Black Methodists, White Mormons: Race and Antipolygamy
The article examines the antipolygamy writings that appeared in the Southwestern Christian Advocate, the official organ of the Methodist Episcopal Church in late nineteenth century New Orleans. As Bennett explains, "Black critiques of Latter-day Saints are significant because they gave voice to anxieties confronting all African Americans, even as they expressed a particular denominational perspective" (170). In contrast to their fellow black Methodists in the African Methodist Episcopal Church and African Methodist Episcopal Zion Church, African Americans in the MEC favored a racially-integrated religious body, believing it to be crucial to the ultimate goal of social and political equality. Critiquing the Mormons' practice of polygamy served multiple functions in their efforts to achieve this end: it was part of an effort to curb the widespread Mormon settlement in the West, which limited to spaces available for black Americans unhappy in the South to migrate; it served as evidence that deviant sexuality was not instinctively tied to race (and played into fears that white polygamy was as threatening to black females as the adulterous relationships of white plantation owners and their black slaves in the antebellum era); and it provided the black Methodists with a convenient other whose lack of patriotism and religious heterodoxy contrasted with the black Methodists' own orthodoxy and support for the nation.

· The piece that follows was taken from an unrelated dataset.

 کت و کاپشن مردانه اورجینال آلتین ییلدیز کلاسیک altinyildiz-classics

Additionally, Mormonism's own policies of racial segregation were an impediment to the goal of an integrated Christian community, threatening to black Episcopal Methodists in the same way that the racial exclusivism of the AME and AMEZ Churches was.

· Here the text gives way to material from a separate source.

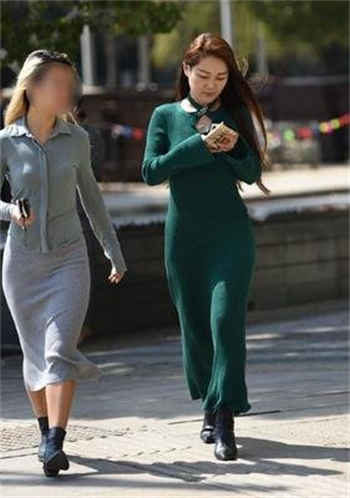 麻豆女演员有哪些人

Bennett's nuanced article is insightful and well worth the read to anyone interested. It touches on the subject of the racialization of Mormons (which Paul Reeve's in-progress book manuscript will discuss at length), and provides an interesting and needed complement to the several studies of anti-Mormonism largely limited to the writings of white Anglo-Americans. It also highlights the ways in which the author or editor's own religious, racial, and regional identity affected the reasons for critiquing the Mormons. Bennett perceptively notes, for example, that anti-Catholicism served many of the same purposes as anti-Mormonism did for black Protestants in the nineteenth century, but that articulating anti-Catholic views in New Orleans, where most of the city's religious and political elite were white Catholics, was dangerous business.
Bennett concludes by rehearsing the sad irony of what transpired following the events of the 1890s, as Latter-day Saints abandoned the practice of plural marriage (officially anyway) and began their long march toward the mainstream of American society. Southwestern Christian Advocate editor A.E.P. Albert celebrated Wilford Woodruff's 1890 announcement, declaring that "the twin sister of slavery is now gone forever!" (186). But such celebratory declarations would soon turn to increased frustration. Mormonism's march toward the mainstream in the first half of the 20th century cruelly coincided with the imposition and enforcement of Jim Crow laws throughout the South. The Methodist Episcopal Church, which these black Methodists had once seen as the engine driving the move toward racial equality, pushed them further to the fringes of the denomination. In 1939, the unification of the MEC, MEC, South, and Methodist Protestant Church, resulted in the official segregation of church jurisdictions--a policy that wouldn't be reversed until "less than a decade before the 1978 Mormon decision to extend full privileges to people of African descent" (186).